Penduduk Tidore lazim menggunakan pandan lamo {Pandanus amaryllifolius} atau pandan wangi utuk ziarah kubur. Karena itu semua pekarangan rumah ditanamai pandan wangi yang dulu bernama ilmiah Pandanus latifolius. Selain itu pandan wangi juga dimanfaatkan masyarakat sekitar sebagai obat rematik dengan cara mencampurkan potongan daun pandan itu dengan minyak kelapa. Lazimnya digunakan untuk mengobati rematik.
  Pandan wangi bukan satu-satunya yang berkhasiat obat. Spesies lain yang terkenal sebagai obat adalah buah merah {Pandanus conoideus}  yang memiliki variasi bentuk hingga 36. Buah merah terbukti mengandung antioksidan tinggi. Jenis lain yang biasa dimanfaakan sebagai penawar sakit adalah buro-buro koya alias Pandanus dubius  dan kulewe kokoa atau Pandanus papuanus. Masyarakat Tidore memanfaatkan umbut atau titik tumbuh kedua pandan itu sebagai penawar racun ular, serangga, serta berbagai ikan serta bulu babi dan pari. Umbut pandan itu dihancurkan dan di torehkan diatas bekas sengatan ular atau serangga.
  Akar yang menopang pohon Pandanus dubius  dan Pandanus papuanus itu oleh masyarakat Papua dimanfaatkan sebagai bahan serat yang mengkilap dan kuat. Pengambilan akar tidak akan mengganggu pertumbuhan pohon. Masyarakat Tabati dan Engros memanfaatkan serat itu sebagai bahan jala dan tali pancing  yang mampu bertahan hingga 3 tahun.

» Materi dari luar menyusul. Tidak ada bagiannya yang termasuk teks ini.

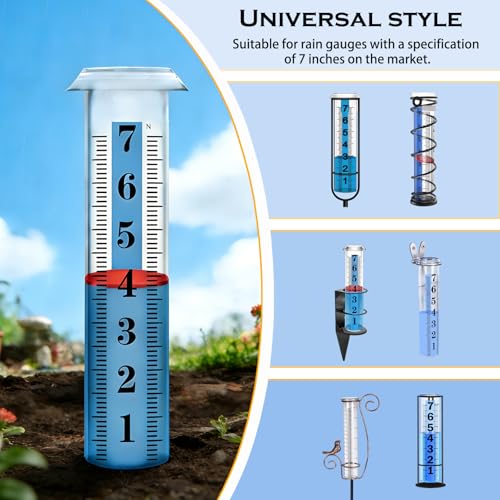 YZDTECH Rain Gauge Replacement Tube Plastic, Accurate Rain Gauge Outdoor, Thickened and Transparent 7" Capacity Tube with Blue Strip for Yard, 1 Rain Meter Tube with 1 Clean Brush and 1 Red Float - color: 1PCS Rain Gauge Replacement Tube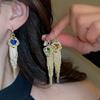 Silver needle zircon geometric fringed earrings light luxury high-end autumn and winter earrings women's new popular earrings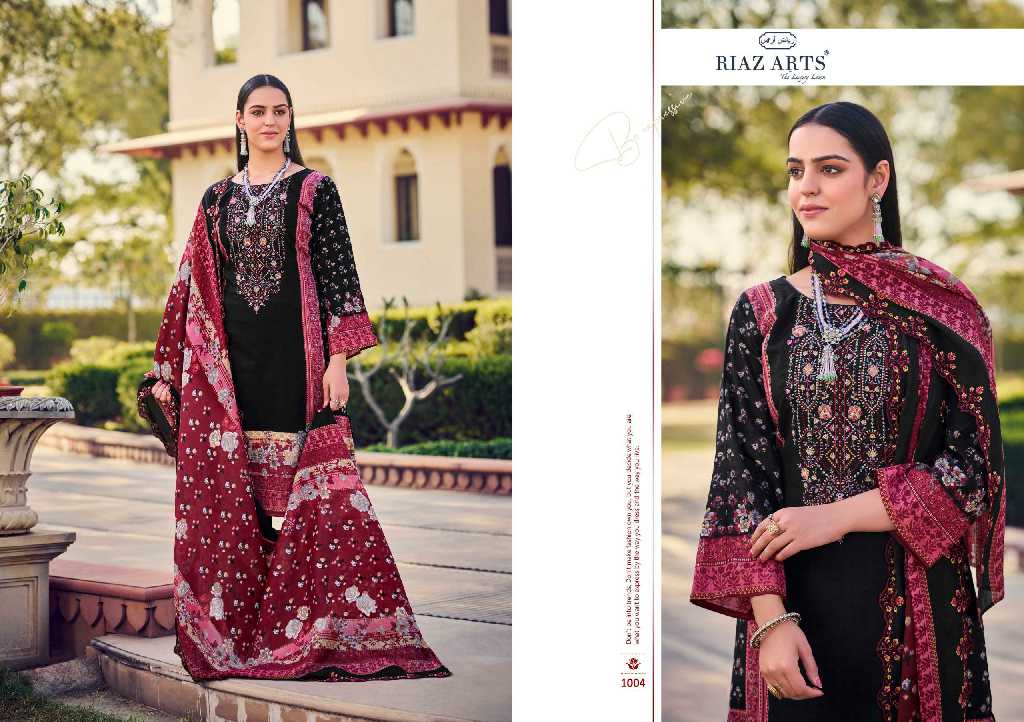 Riaz Arts Bin Saeed Vol-7 Wholesale Pure Cotton With Embroidery Work Dress Material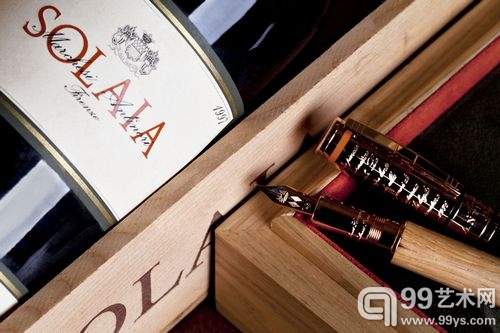 A double magnum 1997 Solaia with a OMAS gold pen _lot 263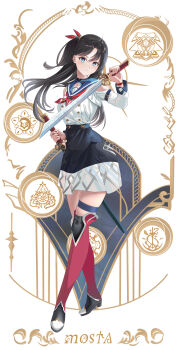 absurdres artist_name black_hair black_skirt blue_eyes blue_sailor_collar boots bow breasts brown_hair buttons clothing_cutout commentary double-breasted gradient_hair hair_bow high_heel_boots high_heels highres holding holding_sword holding_weapon long_hair looking_at_viewer mosta_(lo1777789) multicolored_eyes multicolored_hair original parted_lips patterned_background red_boots red_eyes sailor_collar shirt shoulder_cutout side_ponytail simple_background skirt small_breasts sword symbol-only_commentary thigh_boots thigh_strap thighhighs thighs weapon white_shirt wind zettai_ryouiki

  Adapula pandan-pandan yang lazim sebagai bahan pangan. Selain buah merah, spesies yang kerap dimanfaatkan untuk bahan makanan adalah pandan kelapa {Pandanus brosimos},  pandan {Pandanus julianettii}, dan pandanus iwen. Buah pandan-pandan itu dibakar dan dinikmati seperti kacang. Kayari {sararanga sinuosa}  dan raintui {Pandanus kraulianus} juga beberapa jenis pandan yang buahnya dapat dikonsumsi. Daging buah pandan pandanus tectorius  bagi masyarakat Halmahera ibarat kacang kenari yang lezat. Merka menikmatinya saat berkumpul ditepi pantai. Namun, yang membuka mata kita betapa pandan yang kita remehkan itu ternyata multimanfaat.